Karachi (ANTARA News) - Pakistan pada Kamis memerintahkan tambahan ratusan polisi paramiliter untuk dikerahkan ke jalan-jalan kota terbesar negara itu, Karachi, setelah malam kekerasan politik dan etnik menewaskan 12 orang.
"Kami telah mengirim 500 FC (Kepolisian Perbatasan) ke Karachi," kata Menteri Dalam Negeri Rehman Malik kepada wartawan di Islamabad.
Langkah ini dilakukan lima hari setelah Malik mengklaim bahwa pemerintah telah memulihkan ketertiban di bagian Karachi, di mana sepekan kerusuhan menewaskan 95 orang di tahun kekerasan paling mematikan di ibu kota keuangan Pakistan sejak 1995.
Kekerasan semalam meletus setelah menteri provinsi Zulfiqar Mirza,
dari partai yang berkuasa Partai Utama Rakyat (PPP), mengecam bekas mitra koalisinya Muttahida Qaumi Gerakan (MQM) serta pemimpinnya yang di pengasingan Altaf Hussain.
Pada bulan lalu, MQM keluar dari PPP yang memimpin koalisi yang memerintah negara itu, dan provinsi selatan Sindh, di mana Karachi sebagai ibu kotanya.
Partai, yang mewakili mayoritas warga berbahasa Urdu di Karachi, telah menyerukan protes nasional atas kritik Mirza itu.
Jalan-jalan sepi pada Selasa, dari lalu lintas yang biasa ramai setidaknya di wilayah komersial dan pemukiman di Karachi, di mana pusat perbelanjaan, pasar dan restoran ditutup.
"Setidaknya 12 orang, termasuk seorang prajurit paramiliter Rangers, tewas semalam," kata komandan polisi kota Saud Mirza kepada AFP.

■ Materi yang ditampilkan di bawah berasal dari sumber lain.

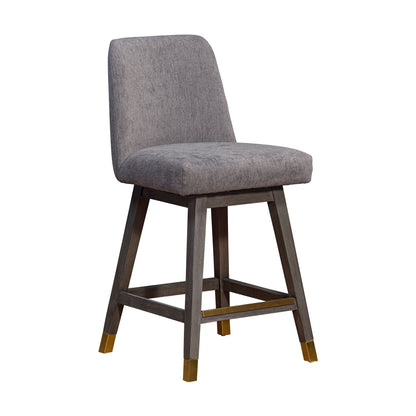 Amelia - Swivel Counter Stool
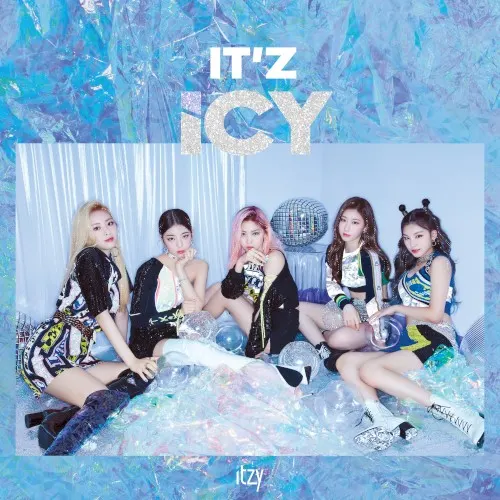 IT’z ICY — Itzy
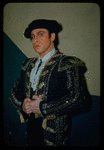George London during a Metropolitan Opera tour of Carmen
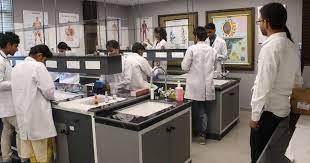 practical lab Virohan Institute of Health And Management Sciences (VIHMS, Pune) in Pune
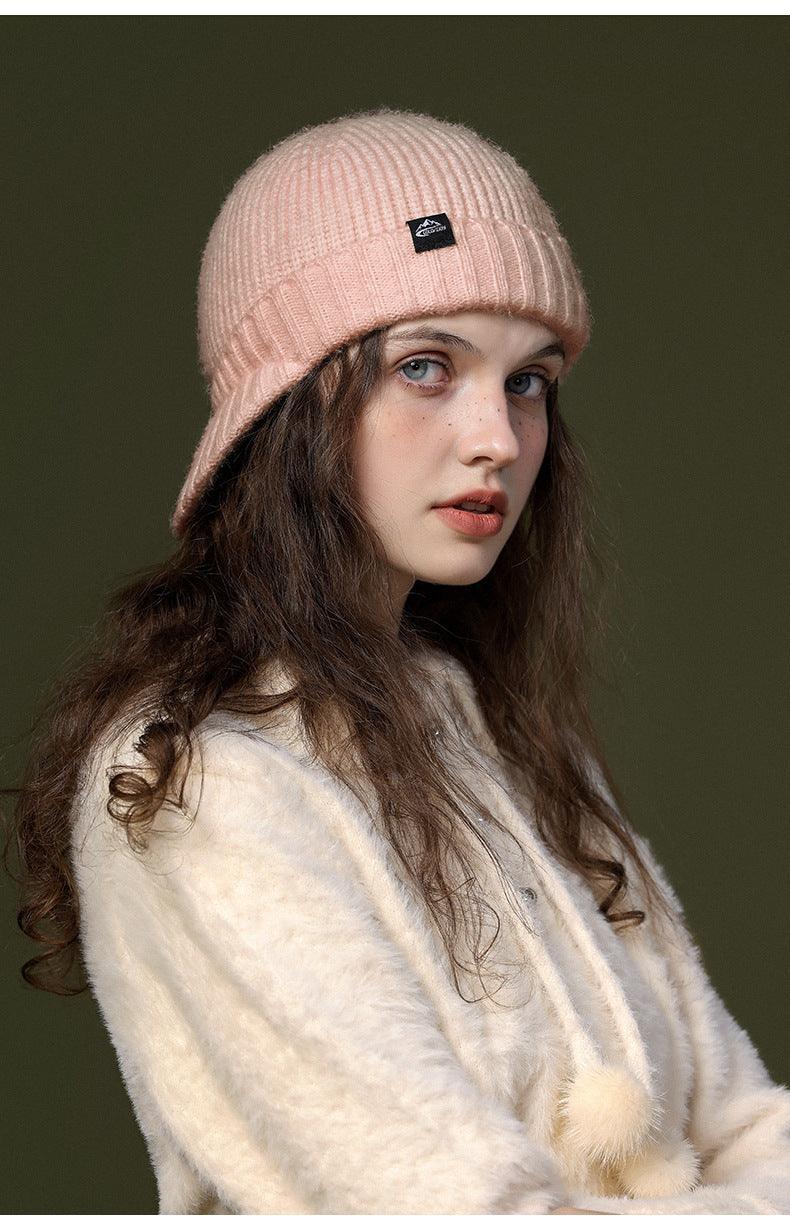 Cozy Knitted Hat for Autumn & Winter – Warm, Stylish and All-Matching - MRC STORE
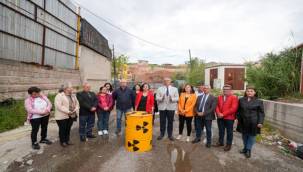 Başkan Arda: "İzmir'in Çernobil'ini biz temizleyeceğiz"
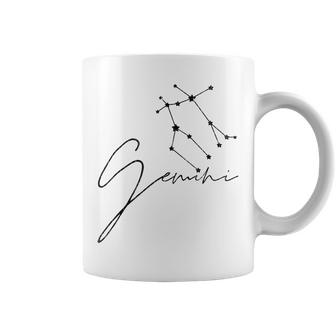 Gemini Apparel For Men And Women Funny Zodiac Sign Gift  Coffee Mug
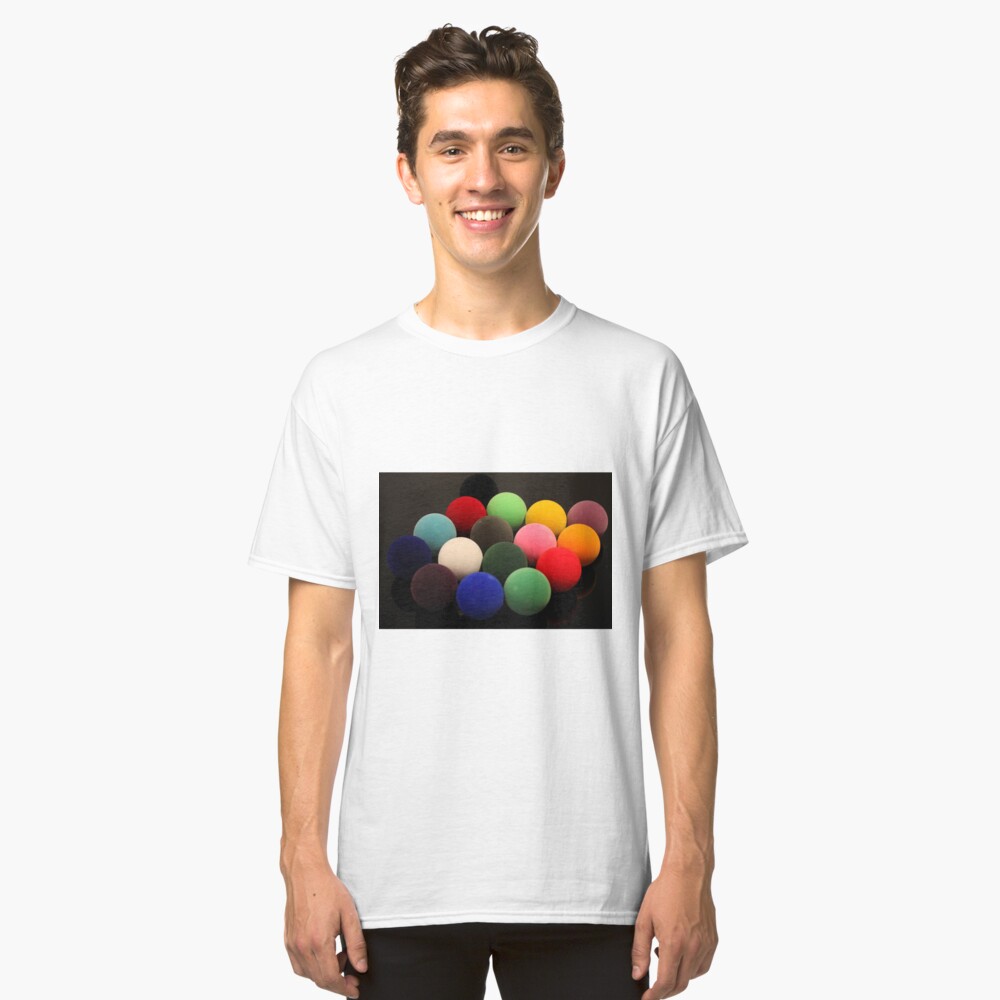 Christmas Snooker Classic T-Shirt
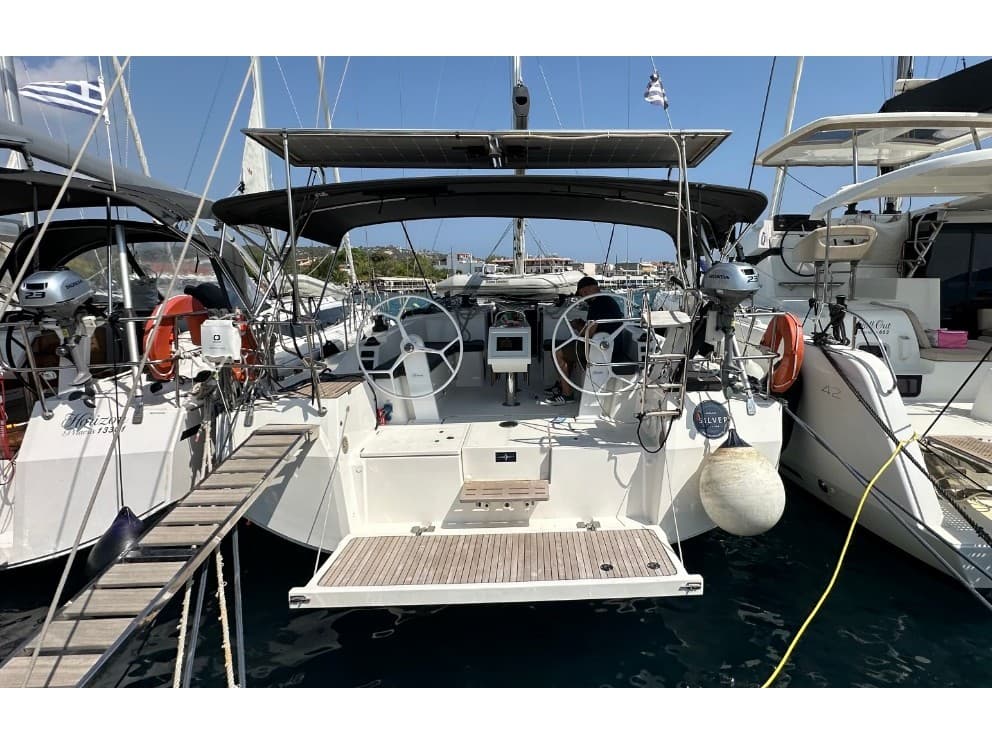Bavaria C42 Silver VII – bilde 3 av 6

Dia mengatakan, 21 orang terluka dan lebih dari selusin kendaraan telah dibakar di berbagai kota. Dia menambahkan bahwa polisi telah menangkap sekitar 160 tersangka.
Kekerasan politik dan etnis di Karachi ini menyalahkan loyalis MQM dan orang-orang dari Partai Nasional Awami (ANP), yang masih anggota koalisi dan mewakili para migran Pashtun migran dari barat laut.
Daerah yang terkena dampak terburuk adalah lingkungan miskin dan padat penduduk di mana sebagian besar geng kriminal diyakini bersembunyi.
Komisi Hak Asasi Manusia Pakistan mengatakan, 490 orang tewas dalam pembunuhan yang ditargetkan di Karachi pada semester pertama tahun ini, dibandingkan dengan 748 pada 2010, yang terburuk sejak tahun 1995, demikian AFP.